Firefighting resources are being juggled and reassigned as British Columbia's Wildfire Management Branch handles several blazes, including one which has forced about 2,500 people from their homes.
The Smith Creek fire near West Kelowna raged to an estimated four square kilometres Friday, a day after an evacuation order was issued for the nearly 1,100 homes in its potential path.
However, by Friday, firefighters announced it had managed to contain about 20 per cent of the fire and reduce it to 2.5 square kilometres in size or 2500 hectares.
Smith Creek possibly human caused
Kayla Pepper of the Wildfire Management Branch said flames could be seen on a hillside covered by grass and trees. She said the cause of the fire, that at one point was 20 per cent contained Friday, but is no longer, is not known.
However, there was no lightning in the area at the time the fire started.
Operations centre spokesman Bruce Smith said 12 aircraft, 11 ground crew from the province's Wildfire Management Branch, as well as firefighters from around the region were battling the flames.
An emergency reception centre was also moved from a local church to a secondary school, he said.
Dawn Sutton said she was forced to leave her home with her dog, insurance papers and some personal belongings. She went to a friend's house and is worried about losing her own home.
"Of course I'm worried. Am I going to have a house?" she said.
"It's scary, but, you know, I mean lives are more important," she said. "A house can be rebuilt. That's the way I look at it."
Main electrical line threatened
Area residents, including the Westbank First Nation and those in Peachland and West Kelowna are being advised to prepare themselves to be self-sustaining for several days.
An extended loss of electricity means residents would need to have enough water for each member of their family, the regional district said.
The fire is burning within 100 metres of the main feeder power line that services Peachland, Westbank and West Kelowna, the district said. But information officer Tracy Wynnyk of the Wildfire Management Branch said crews have managed to keep the blaze away.

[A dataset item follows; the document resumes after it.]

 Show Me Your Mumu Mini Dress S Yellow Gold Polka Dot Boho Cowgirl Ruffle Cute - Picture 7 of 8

"Overnight, with the efforts of the firefighters and the equipment, they've established some good guards and the fire actually has been moving way from the power lines, so at this point in time, things are looking fairly positive there," she said in a phone interview.

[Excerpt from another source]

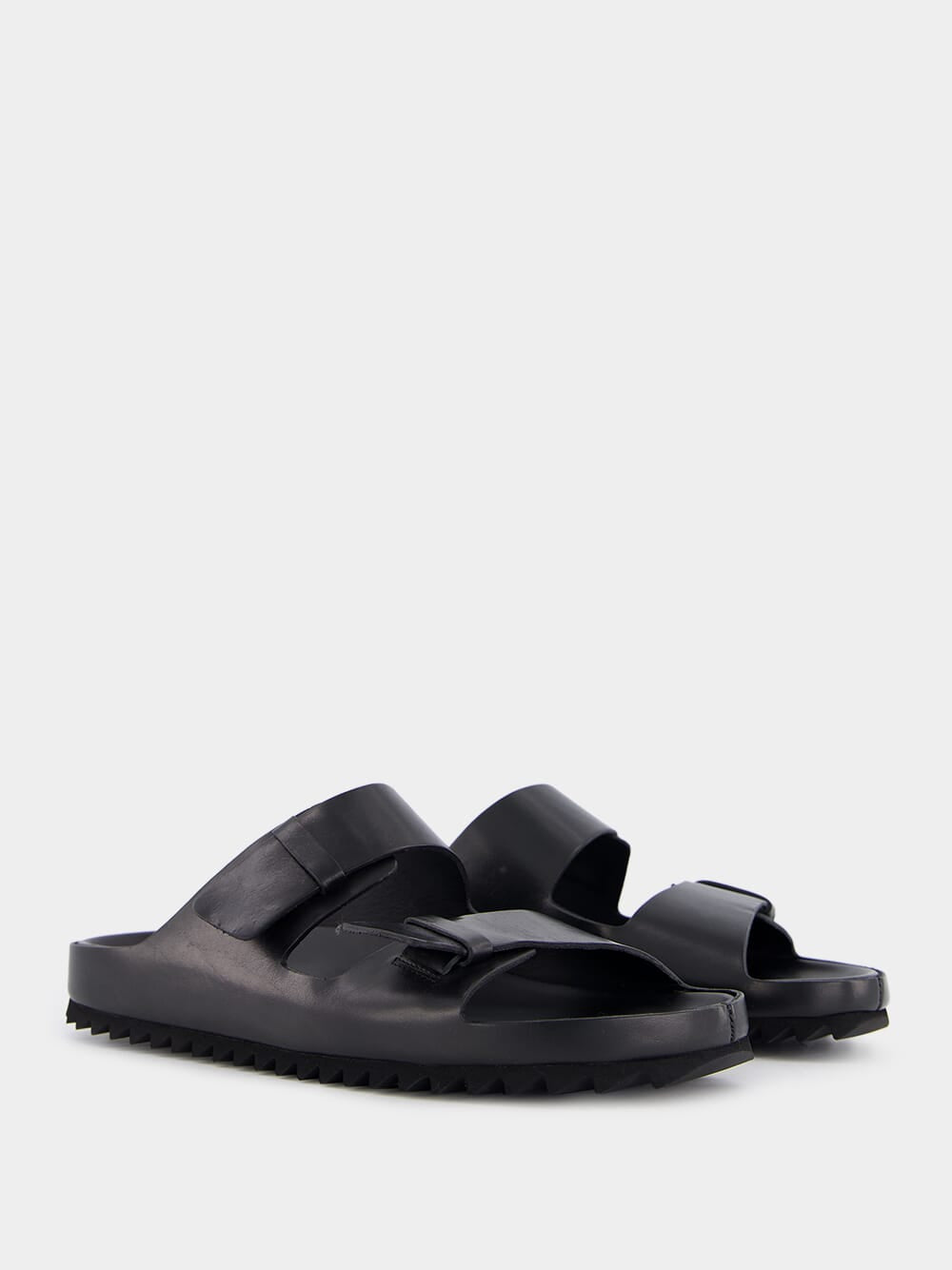 Agorà Black Leather Slides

The forecast for the Kelowna area calls for sun, clouds and southwest winds gusting up to 40 kilometres an hour.
"What I understand is we're going to continue with temperatures in the upper 20s into low 30s, depending on where you're at, and of course high temperatures and the possibility of winds is a bit of a concern," Wynnyk said.

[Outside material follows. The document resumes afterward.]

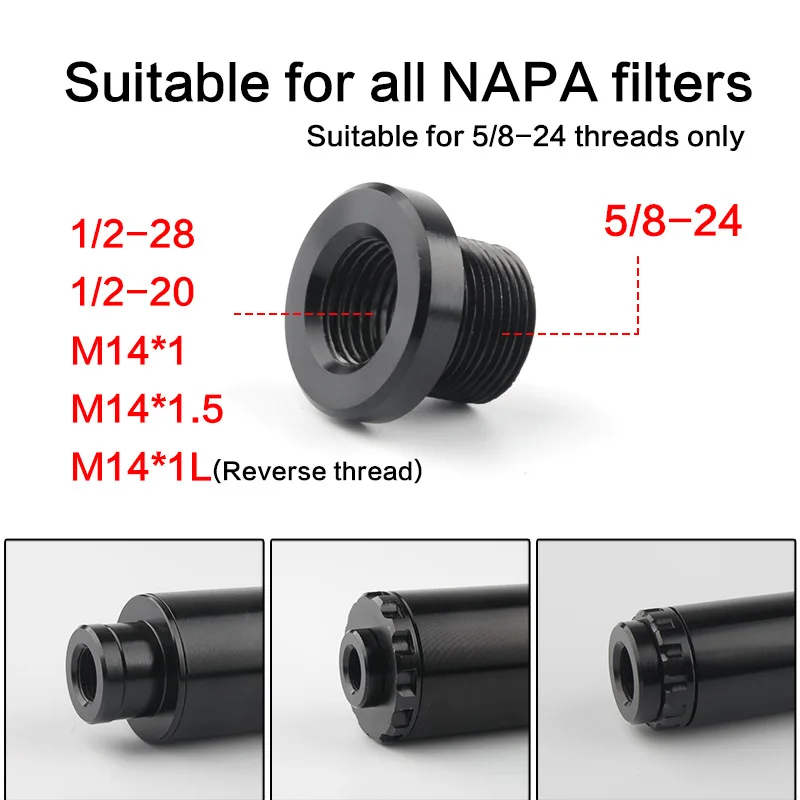 Aluminum 5/8-24 TO 14x1.5 1/2-28 1/2-20 14X1L 14X1 Oil Filter Threaded Adapter for Solvent Trap Black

Just hours after that evacuation order was posted, some residents of a small community in the Fraser Canyon, 260 kilometres northeast of Vancouver, were also being told to get out.
The Botanie Road fire is threatening an area just north of Lytton, on the north side of the Thompson River. An evacuation order was issued for residences along Botanie Creek Road from the junction with Highway 12 to Botanie Lake.
An evacuation alert was also issued Friday for other properties along the Highway 12 corridor.
The evacuations and alerts come as more than 1,000 relieved residents of Hudson's Hope returned to their northeastern B.C. homes Thursday afternoon as heavy rain slowed the advance of the huge Mount McAllister blaze southwest of that town.
The Wildfire Management Branch says more than 160 fires are burning across the province, with 17 of them considered to be major fires, but officials are hopeful that cooler temperatures and rain this weekend will give fire crews a breather.